Edited by Chris Robinson and Mark Paniccia
Published by Marvel Comics
Release Date: December 20, 2017

“It is necessary,” Uatu the Watcher says, “for events to unfold and settle before transcribing what I witness. There are many mechanisms at play with these particular subjects. Much I needed to digest and make sense of.”

This serves as a fitting introduction to X-Men: Grand Design, in which Ed Piskor has taken on the monumental task of retelling about 280 issues of Uncanny X-Men in 240 pages (to be released in three two-issue arcs over a period of about two to three years). The X-Men comics are notorious for their complicated continuity that makes the series a challenge for new readers, even for fans who are already interested.

Adding to this difficulty is the fact that the series’ classic best-loved era spans decades. X-Men is simultaneously the story that made me interested in comics as a teenager and the reason I gave up on comics before returning to them about a decade later, finally possessing the background knowledge to tackle the lengthy reading project. For this reason, I anticipated with great interest the release of this issue and series.

Grand Design is narrated by Uatu the Watcher to a Recorder, indicating right away that the story is epic in scope and important in theme. In just this first issue, the story spans an lengthy stretch of time, from the origins of mutants centuries ago and an iconic story from the early days of Marvel/Timely comics, through Charles Xavier’s early life, and finally to the backstories of the original X-Men and the formation of the original Silver Age team.

All of this is packed in a mere 40 pages, with a reading list at the back serving as a references page to let the reader know which comic book issue introduced each character or story point. It’s apparent that a great amount of research went into this comic. The artwork and writing in conjunction are incredibly effective at conveying a great deal of information, with each panel playing a big role in the story. There are panels that are recognizable as direct references to specific moments in X-Men history, from individual character details to larger themes that have been explored through the decades.

Of course, the concept necessitates that certain choices be made about what to include and how to resolve certain contradictions that have been introduced into the original text over the years. There’s an interesting conversation to be had on the different impression this series might make on different readers, depending on how many and which of the X-Men comics they’ve read. Personally, I went into this issue with equal parts excitement and trepidation and am happy to report that I’ve come away incredibly impressed.

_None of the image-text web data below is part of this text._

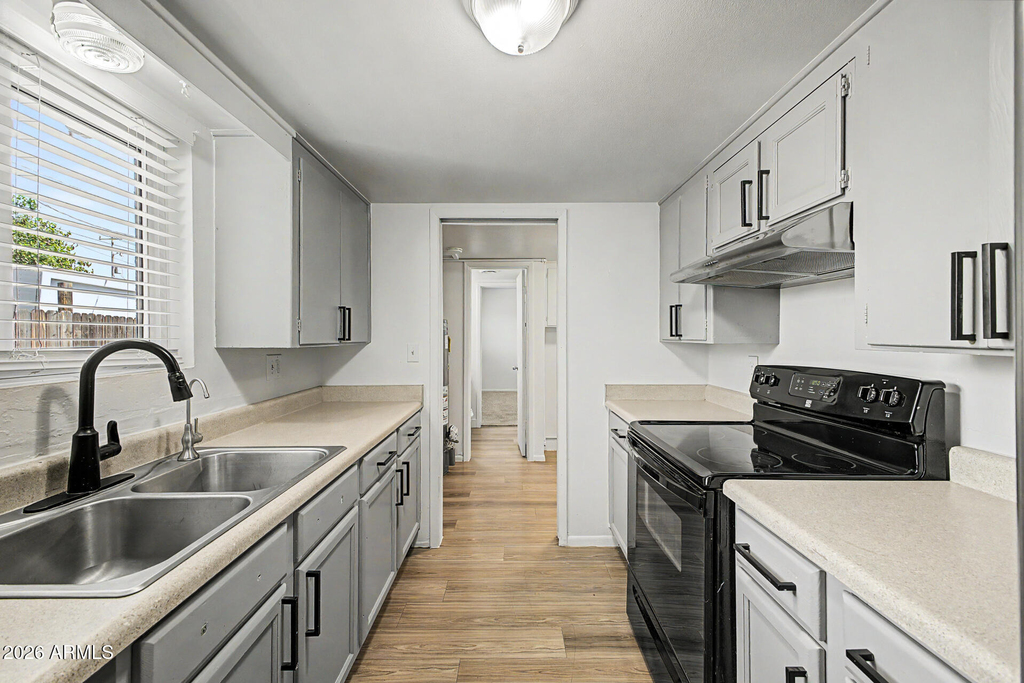 317 N Elm Street - Photo 9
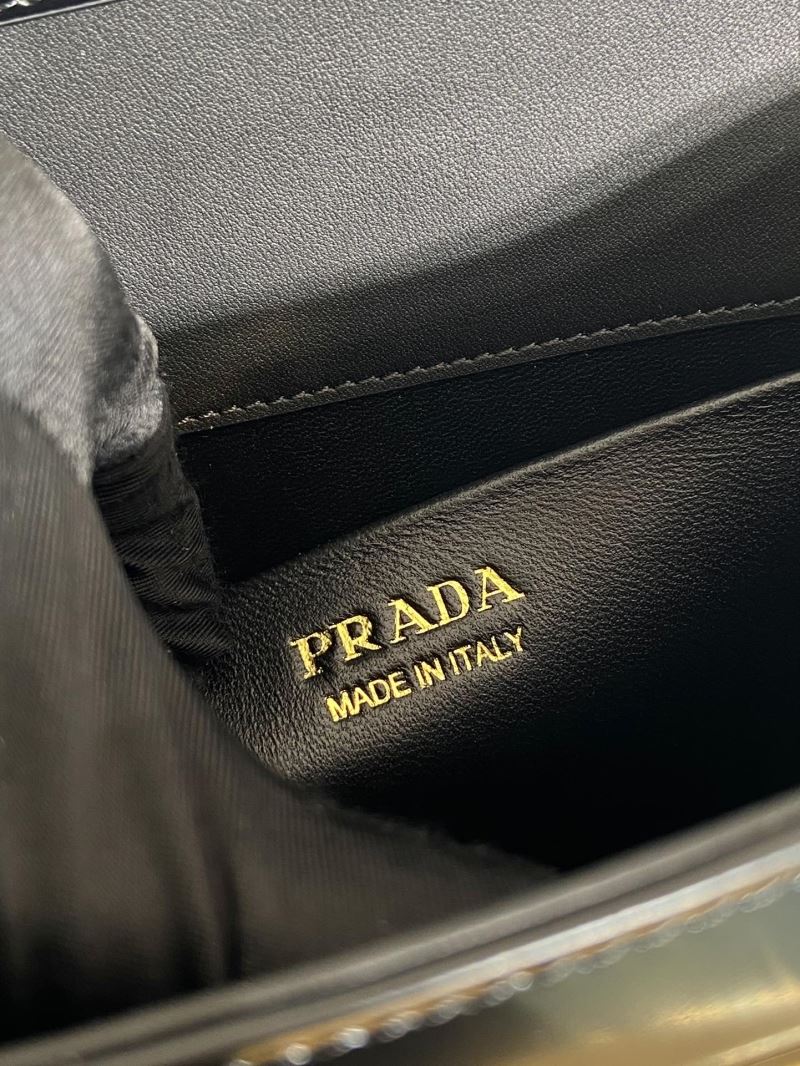 Pra*a hobo bags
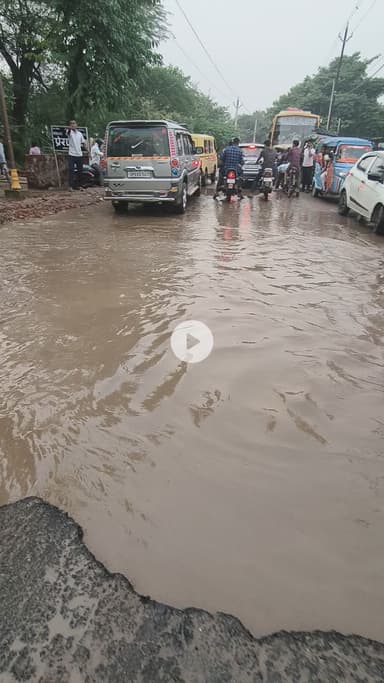 dumraon shahar ke road ka hal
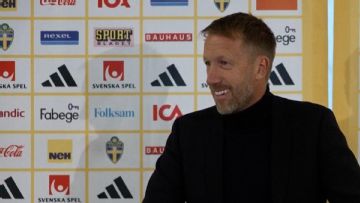 'Your ears are going to bleed!' - Potter speaks Swedish at unveiling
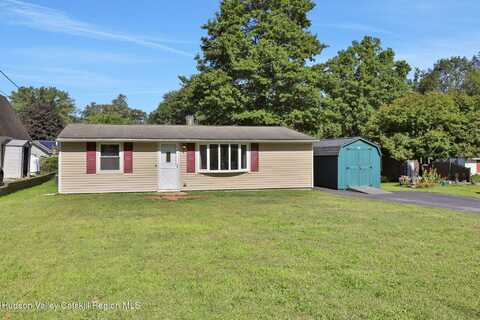 7 Country Club Drive, Mount Marion, NY 12456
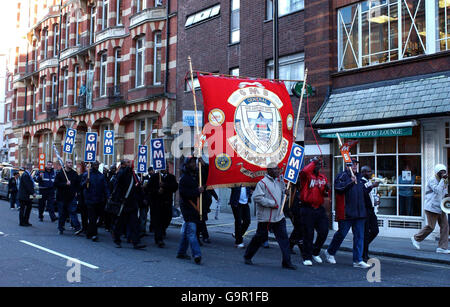 Les travailleurs employés par National car Parks (NCP) participent à une manifestation organisée par le syndicat général britannique (GMB) à l'extérieur des bureaux du groupe 3i à Victoria, Londres. Banque D'Images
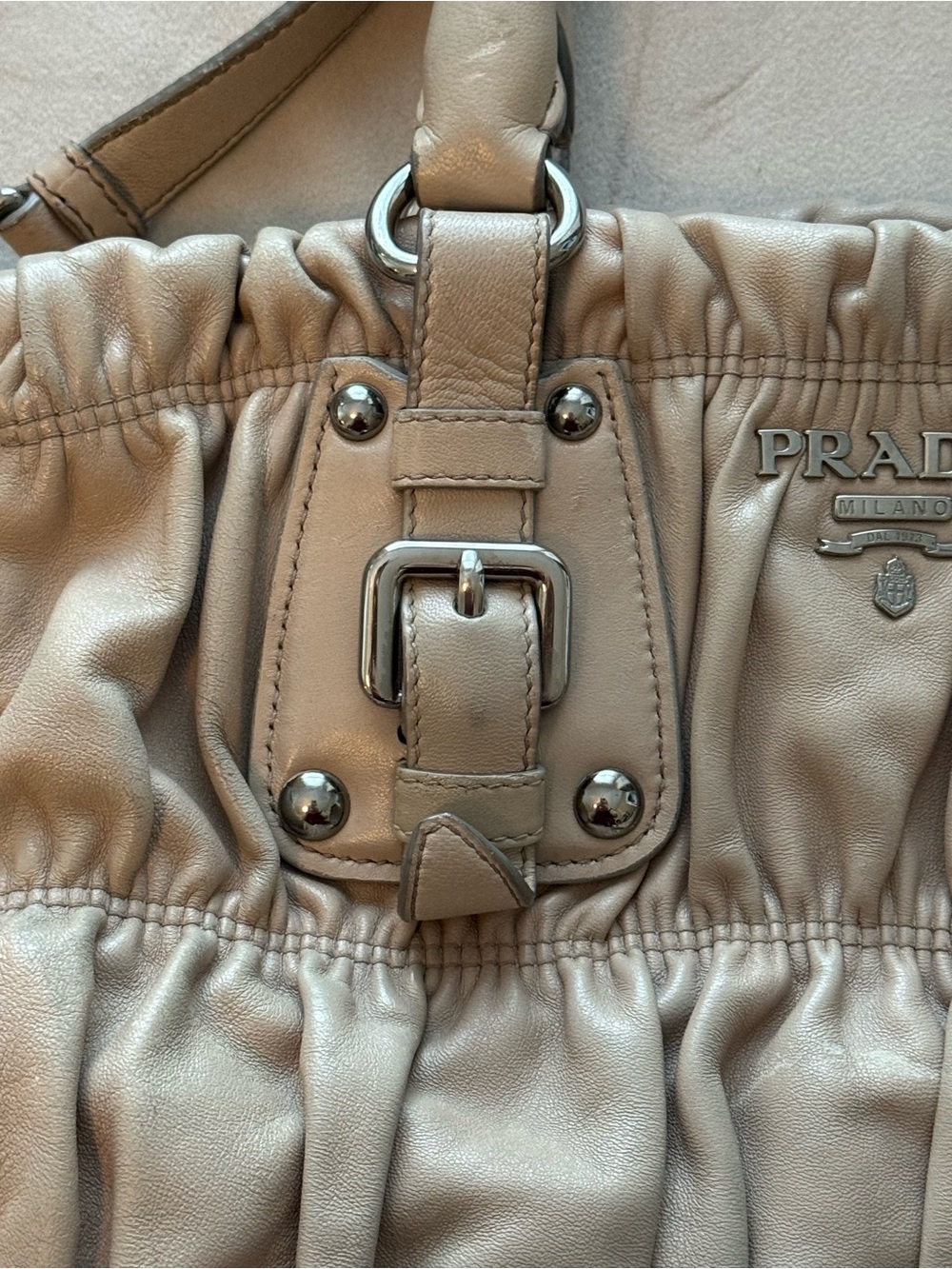 Prada Nappa Gaufré Convertible Satchel Bag in Cameo Beige with Crossbody Strap - Picture 3 of 16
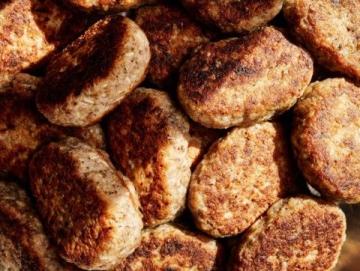 在家里怎样才能做出色泽金黄外酥里嫩的炸茄盒呢?其实方法很简单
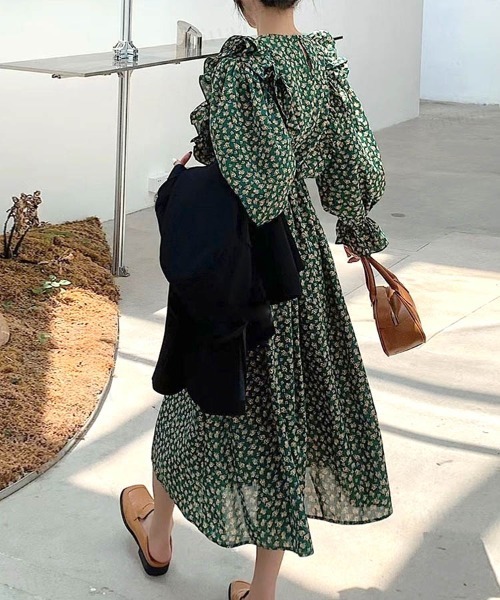 Dalfwin(ダールフィン)の「花柄フリルショルダー小花柄ロングワンピース(ワンピース・レディース・ブラック/グリーン・FREE)」の16枚目の写真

This book was clearly put together with care about format and presentation. The paper stock and yellowed pages make the issue look like an old book a reader might find in ancient archives, when looking for stories about a mythology of which they’ve head bits and pieces.

It’s a beautiful book, and I expect many readers will want to pick up the single issues as they are released. It should be noted that the e-book version looks brighter and might be easier to read for some readers, especially given the option to focus on individual panels. I anticipate that the pages will also look beautiful in the over-sided trade paperbacks that are scheduled for release.

While reading this issue, I was especially glad that Grand Design reads like an actual story; certainly, it’s an incredibly dense read, but it really does feel like retelling, rather than an illustrated summary. Marvel has recently placed a great deal of focus on the history and legacy of its characters; the company’s recent publications have included a Generations limited series; a relaunch of its superhero titles under the Legacy banner; and Primer Pages included with the Legacy relaunch to introduce characters to new readers. The results of these efforts have been mixed, and this book stands out as one of the best.

Grand Design is what a retelling can look like when done incredibly well, with the history of these famous characters retold in a way that appreciates the originals and acknowledges how the passage of time has made these stories into a mythology that warrants the creation of this type of book in the first place. X-Men: Grand Design is on my pull list, and I recommend that fellow X-Men fans add it to theirs.